Mr. Cruncher came to stop on the pavement before he answered, “How should I know?”
“I thought you knowed every thing, father,” said the artless boy.
“Hem! Well,” returned Mr. Cruncher, going on again, “he's a tradesman.”
“What's his goods, father?” asked the brisk Young Jerry.
“His goods,” said Mr. Cruncher, after turning it over in his mind, “is a branch of Scientific goods.”
“Persons' bodies, ain't it, father?” asked the lively boy.
“I believe it is something of that sort,” said Mr. Cruncher.
“Oh, father, I should so like to be a Resurrection-Man when I'm quite growed up!”
Mr. Cruncher was soothed, but shook his head in a dubious and moral way. “It depends upon how you develop your talents. Be careful to develop your talents, and never to say no more than you can help to nobody, and there's no telling at the present time what you may not come to be fit for.” (The Honest Tradesman)
A branch of Scientific goods... think of the range that term covers. LOL! Jerry, Jerry. Such fatherly wisdom.
The man slept on, indifferent to showers of hail and intervals of brightness, to sunshine on his face and shadow, to the pattering lumps of dull ice on his body and the diamonds into which the sun changed them, until the sun was low in the west, and the sky was glowing. (Fire Rises)

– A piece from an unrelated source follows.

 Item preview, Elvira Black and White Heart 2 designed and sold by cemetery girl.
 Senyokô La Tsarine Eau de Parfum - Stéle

Just another amazing description...
Monseigneur, as a class, had dissociated himself from the phenomenon of his not being appreciated... (Drawn To The Loadstone Rock)
...with Monseigneur swarming within a yard or two of it, boastful of what he would do to avenge himself on the rascal people before long. (Drawn To The Loadstone Rock)

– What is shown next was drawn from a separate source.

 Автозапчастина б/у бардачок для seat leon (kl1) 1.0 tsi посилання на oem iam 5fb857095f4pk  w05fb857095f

This makes me think of one word: blindness. How is it that when people have power (or have had) that they can never see themselves as wrong? Where does it start? Pride? Fear?
Jerry remarked “...[if] them poor things get well out o' this, and never no more will I interfere with Mrs. Cruncher's flopping, never no more!”
“Whatever housekeeping arrangement that may be,” said Miss Pross, striving to dry her eyes and compose herself, “I have no doubt it is best that Mrs. Cruncher should have it entirely under her own superintendence...” (The Knitting Done)
This made me laugh... and sigh. What a fitting ending. I hope he kept his word. I rather think he did... Revolutions have a way of changing your thinking. :-)
* * * *
And we come to the end of my observations from Dicken's Two Cities. Again, please feel free to comment about the book or other books you've read. I'd love to hear your opinions. :-)
Currently I am reading a book about the Holocaust entitled, “Journey” by Myrna Grant, have finished Jane Austen's “Emma” and Louis L'Amour's “Last of the Breed”. Not sure about the former yet but the latter two I loved. :-) “Last of the Breed” was one of author's best works.